- **Records for the exercise**

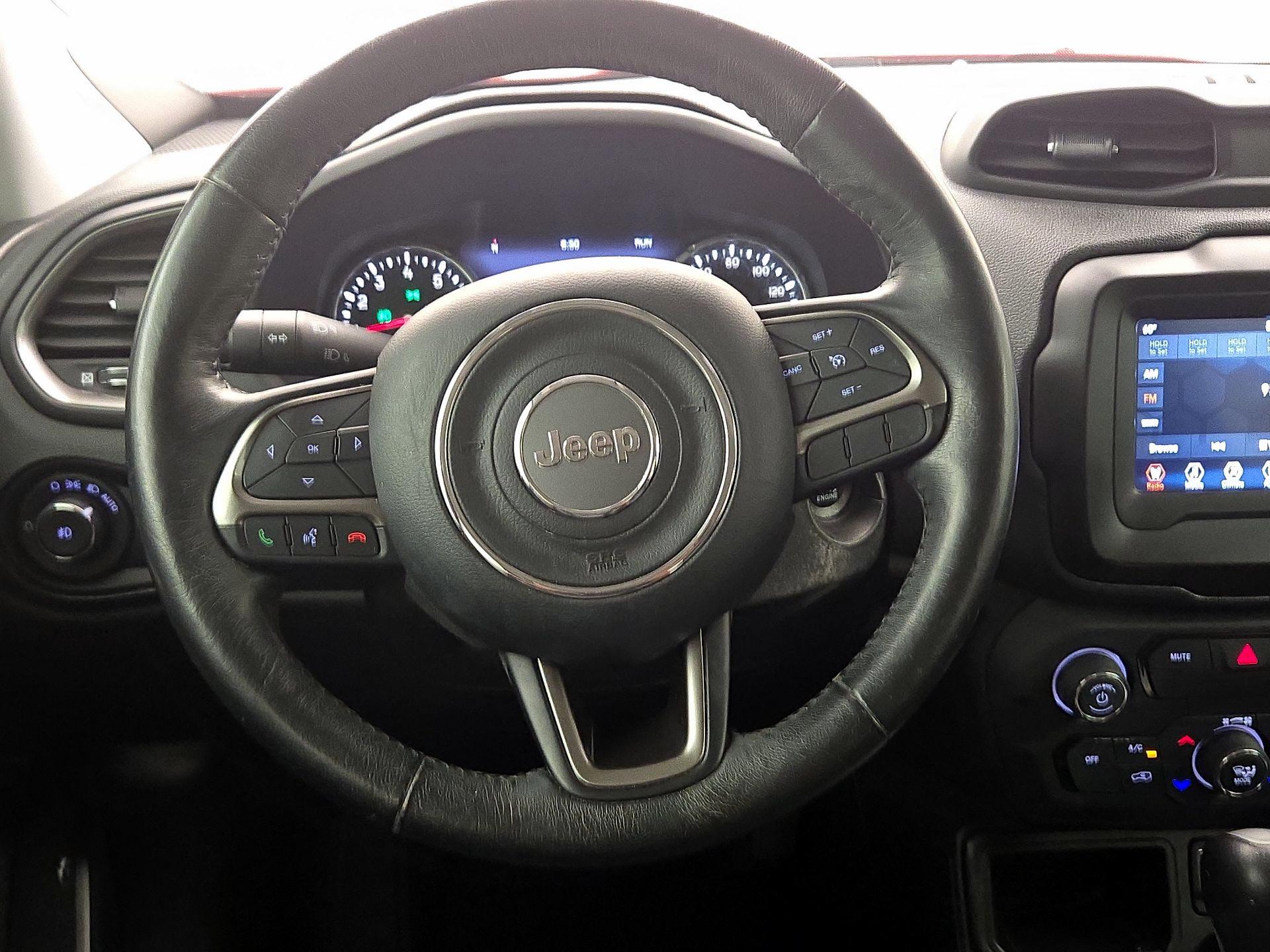 Thumbnail: 2018 Jeep Renegade - 10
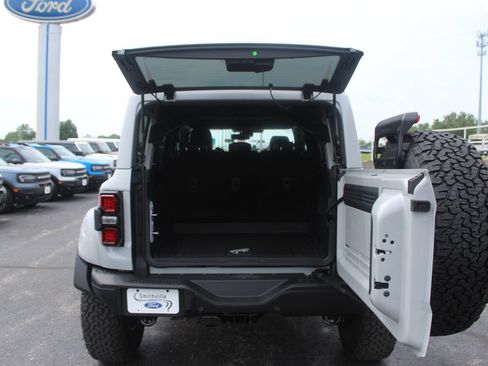 New 2026 Ford Bronco Raptor w/ Interior Carbon Fiber Pack AWD/4WD image 17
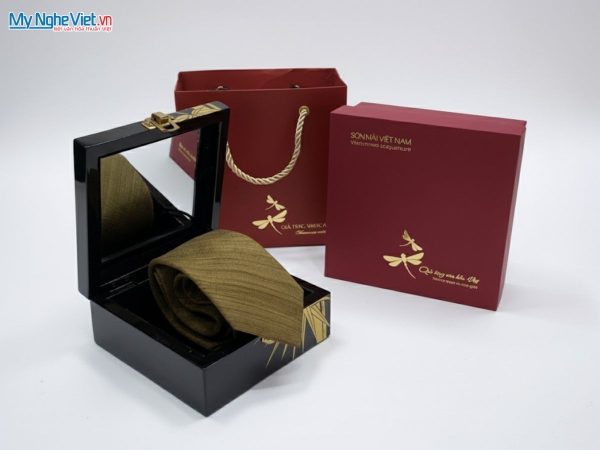 Set quà tặng hộp sơn mài và cà vạt lụa - Quà tặng ngoại giao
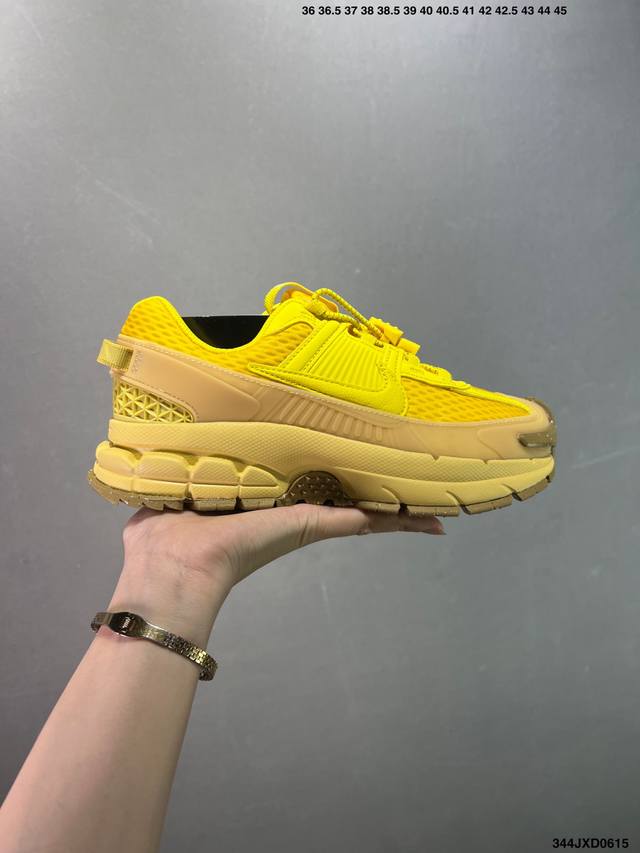公司级耐克Nike Zoom Vomero Roam 5Roam 复古跑五代休闲运动慢跑鞋 纯原版本 简洁设计 功能性强 防水防撕裂鞋面 鞋带也改成了束绳设计
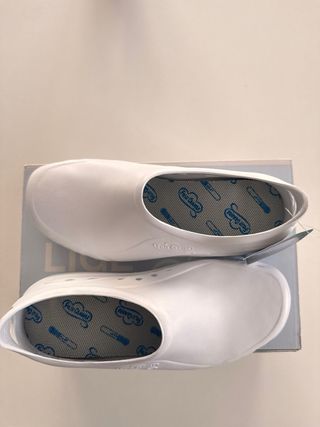 Zapatos de trabajo Blancos Nuevos 38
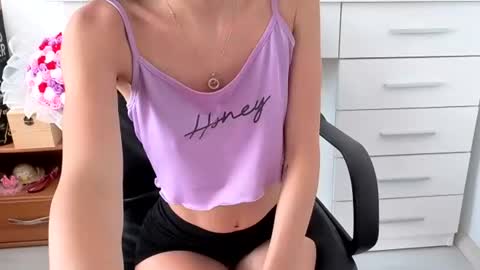 Scarllet online show from 06-28-26, 04:02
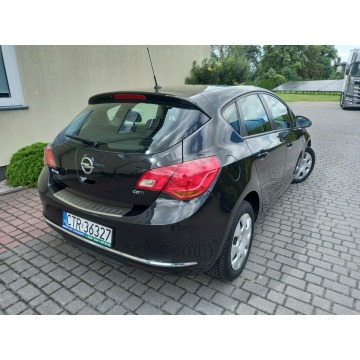 Opel Astra  Hatchback 2013,  1.7 diesel - Na sprzedaż za 13 900 zł - Nowe - zdjęcie 2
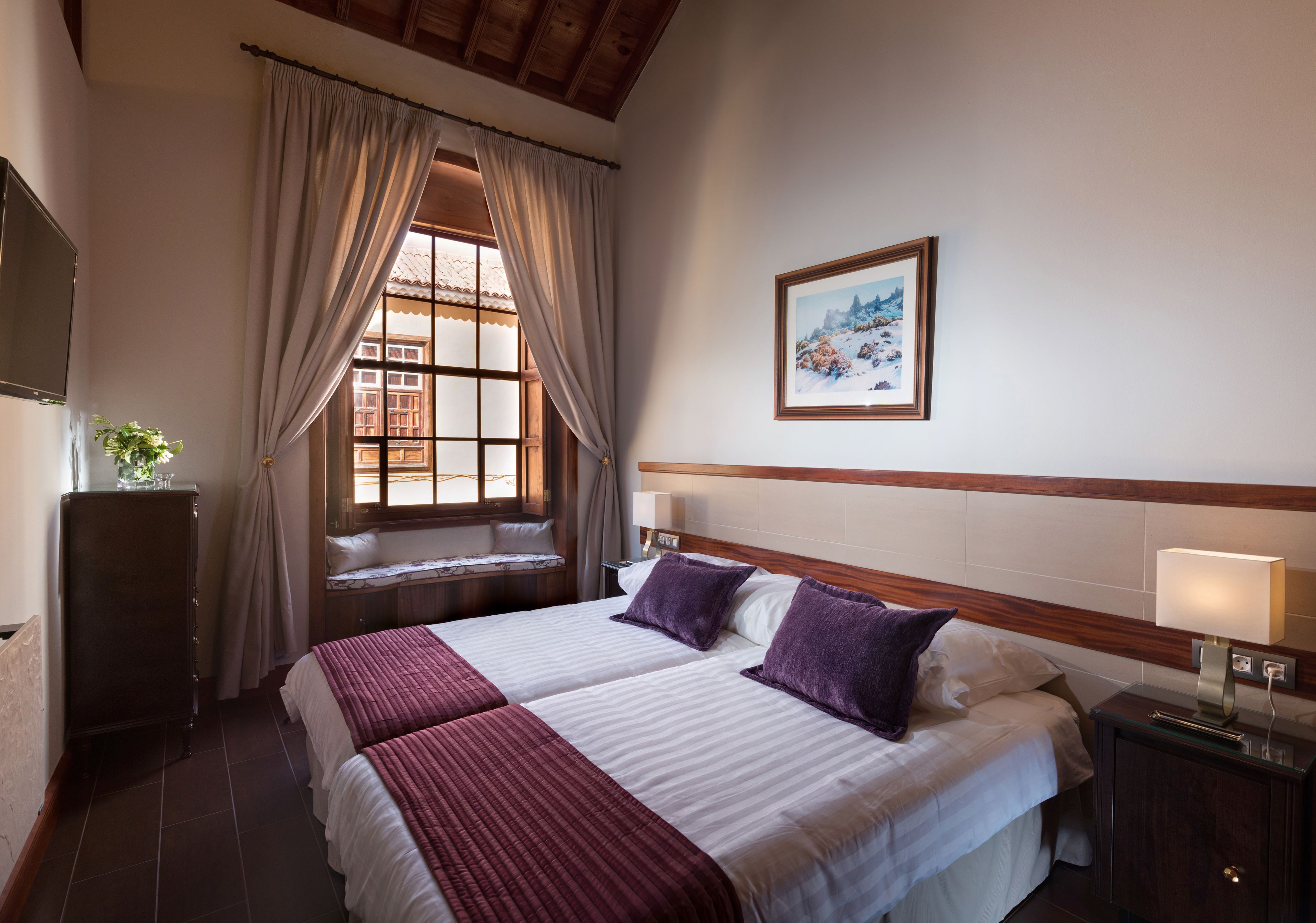 2 bedrooms, premium bedding, in-room safe, desk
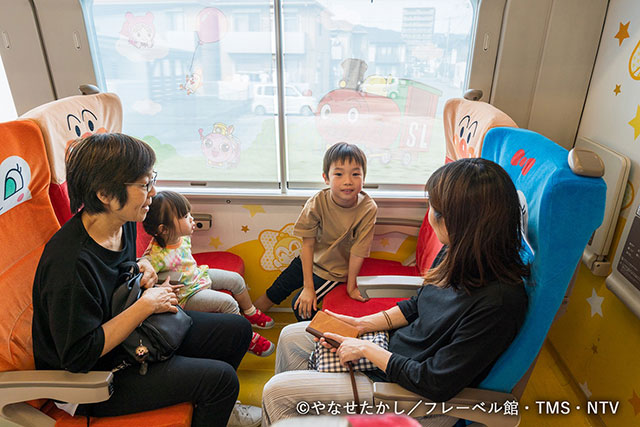 写真:JR四国アンパンマン列車2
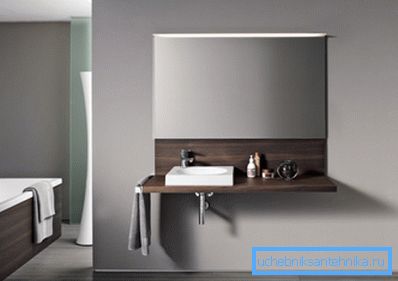 L'élégante console sous l'évier de la salle de bain occupe un espace minimal. L'élégante console sous l'évier de la salle de bain occupe un espace minimal.
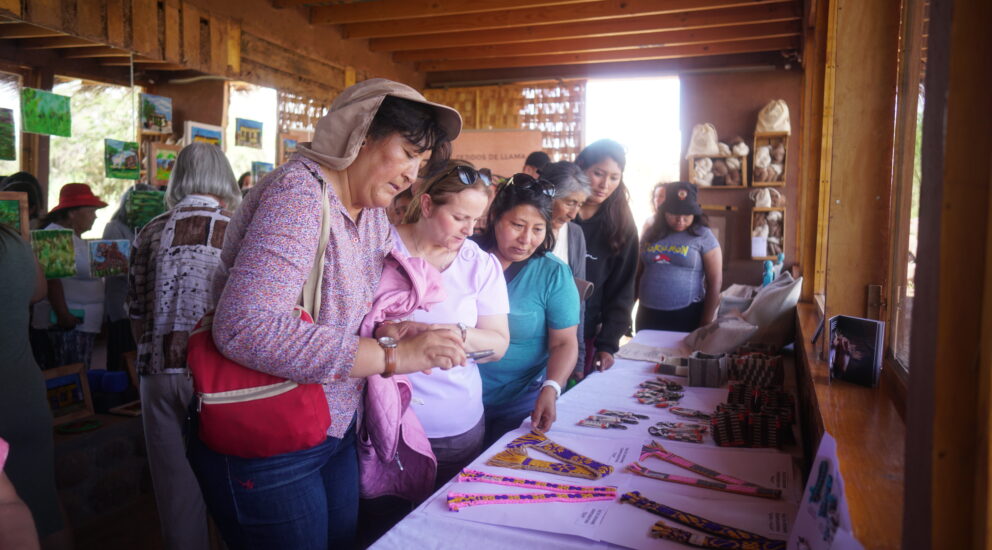 Casa Telar celebró su cuarto aniversario con un intercambio cultural entre artesanas de Quillagua y de los poblados del Salar de Atacama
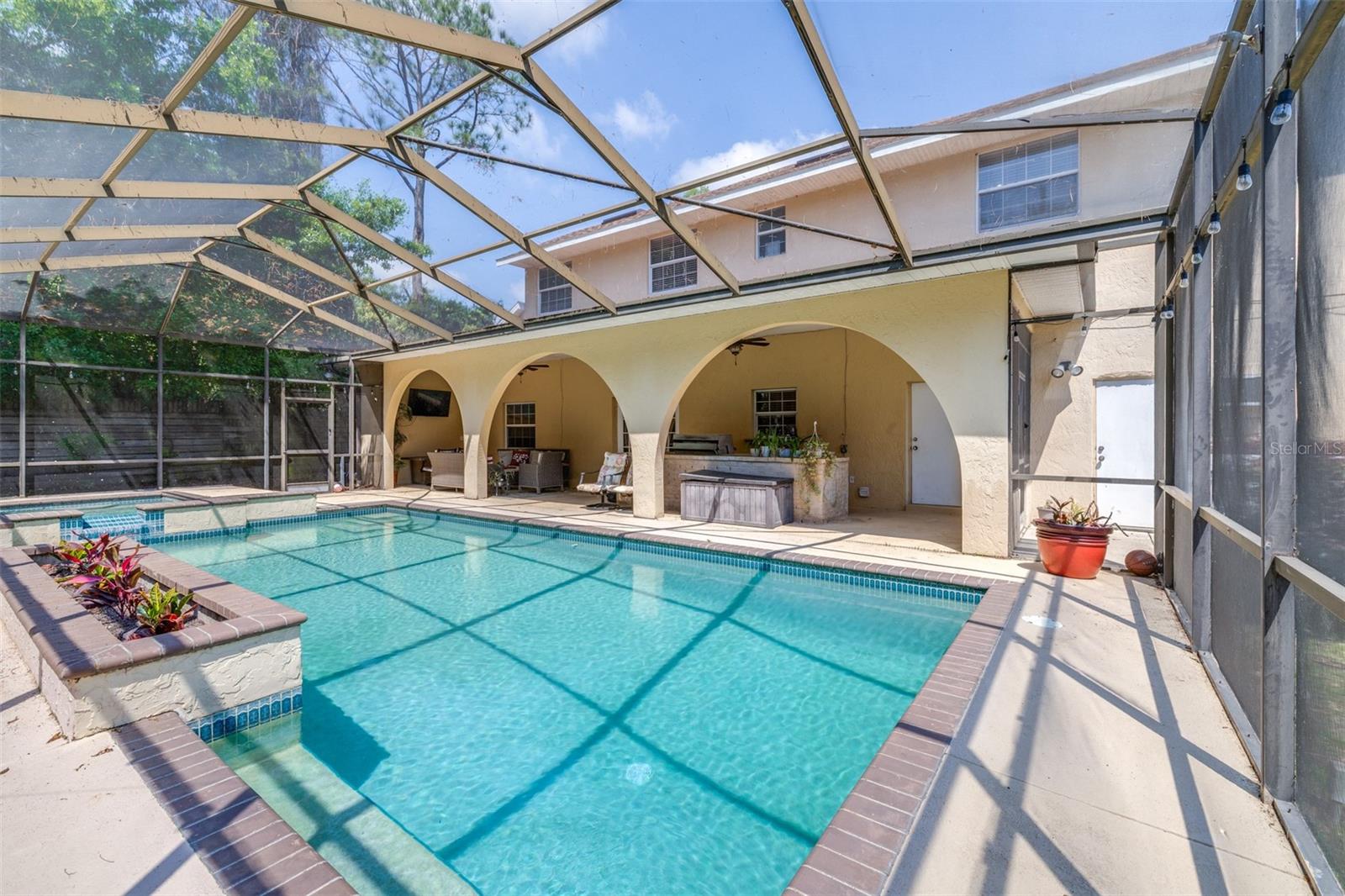 ARIETTA POINT - Residential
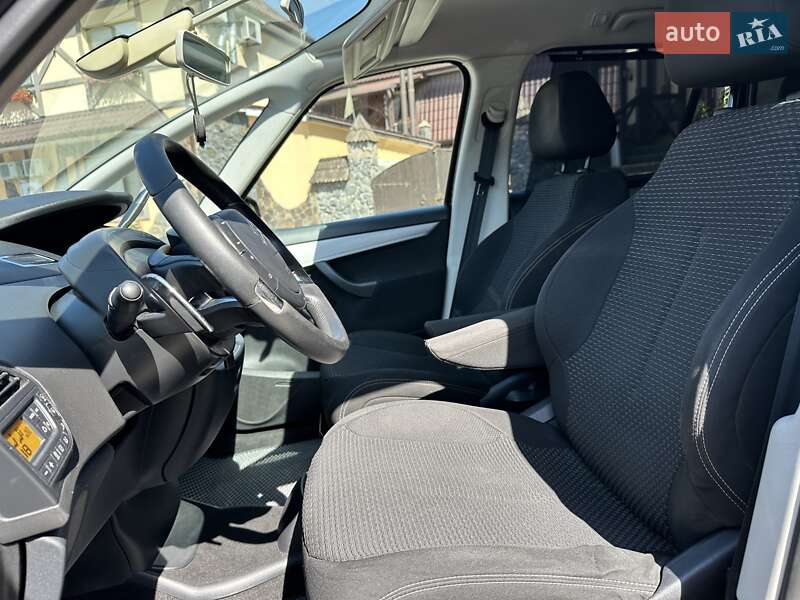 Микровэн Citroen C4 Picasso 2011 в Хмельницком фото 23 Микровэн Citroen C4 Picasso 2011 в Хмельницком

- **Your instructions**
The output must match, line for line, the span from the line containing "2 bedrooms, premium" through the end of the data, with the pictures removed.

- **Task answer**
 2 bedrooms, premium bedding, in-room safe, desk
 写真:JR四国アンパンマン列車2
 L'élégante console sous l'évier de la salle de bain occupe un espace minimal. L'élégante console sous l'évier de la salle de bain occupe un espace minimal.
 Casa Telar celebró su cuarto aniversario con un intercambio cultural entre artesanas de Quillagua y de los poblados del Salar de Atacama
 ARIETTA POINT - Residential
 Микровэн Citroen C4 Picasso 2011 в Хмельницком фото 23 Микровэн Citroen C4 Picasso 2011 в Хмельницком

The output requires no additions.